Source material
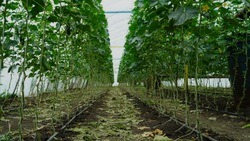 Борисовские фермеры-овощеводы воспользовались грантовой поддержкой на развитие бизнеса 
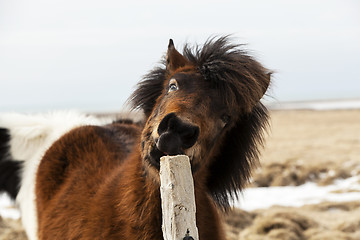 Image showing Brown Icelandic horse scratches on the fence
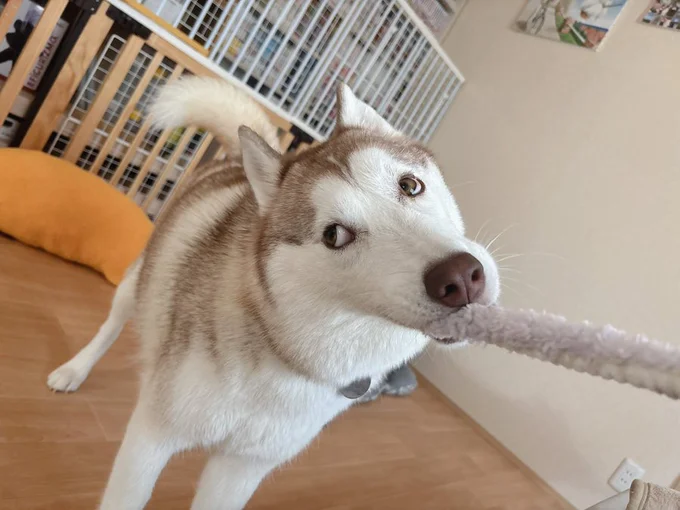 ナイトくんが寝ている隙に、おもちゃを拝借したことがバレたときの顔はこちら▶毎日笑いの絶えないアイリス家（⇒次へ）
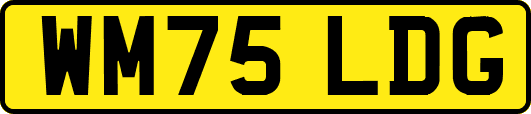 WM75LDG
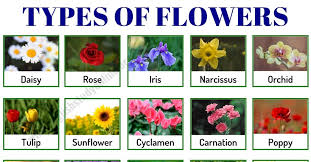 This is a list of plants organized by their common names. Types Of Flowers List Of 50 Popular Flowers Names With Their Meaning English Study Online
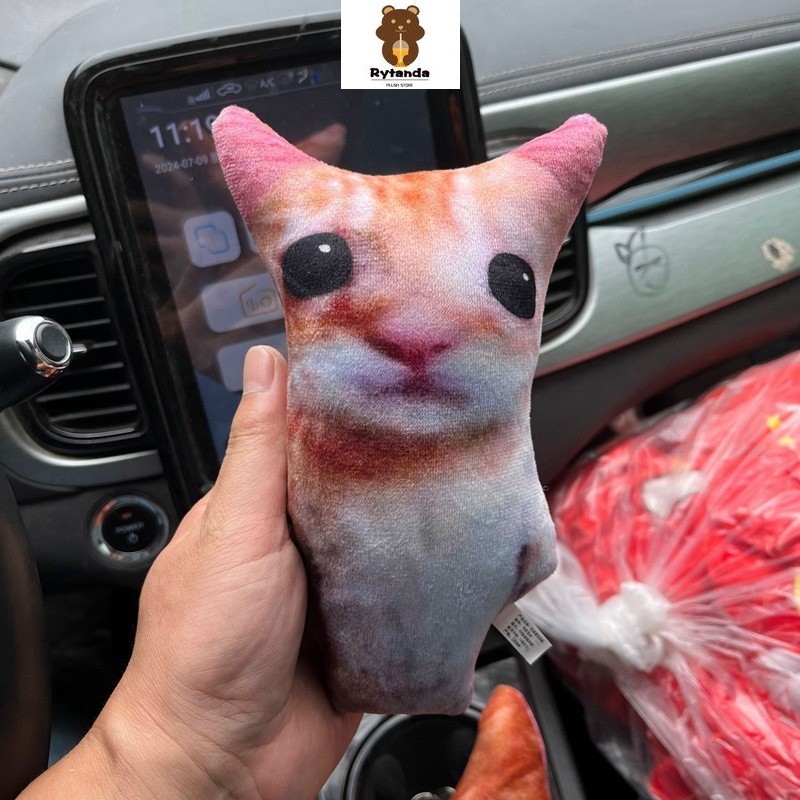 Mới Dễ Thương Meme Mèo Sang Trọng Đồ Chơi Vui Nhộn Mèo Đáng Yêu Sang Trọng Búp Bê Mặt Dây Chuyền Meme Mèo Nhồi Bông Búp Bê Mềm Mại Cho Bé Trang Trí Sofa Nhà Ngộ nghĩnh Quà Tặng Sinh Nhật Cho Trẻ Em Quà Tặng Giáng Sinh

What is needed
Start with the line that holds "This is a list" and retype each line through the last one in the data, exactly and without pictures.

Reply to the exercise
 This is a list of plants organized by their common names. Types Of Flowers List Of 50 Popular Flowers Names With Their Meaning English Study Online
 Mới Dễ Thương Meme Mèo Sang Trọng Đồ Chơi Vui Nhộn Mèo Đáng Yêu Sang Trọng Búp Bê Mặt Dây Chuyền Meme Mèo Nhồi Bông Búp Bê Mềm Mại Cho Bé Trang Trí Sofa Nhà Ngộ nghĩnh Quà Tặng Sinh Nhật Cho Trẻ Em Quà Tặng Giáng Sinh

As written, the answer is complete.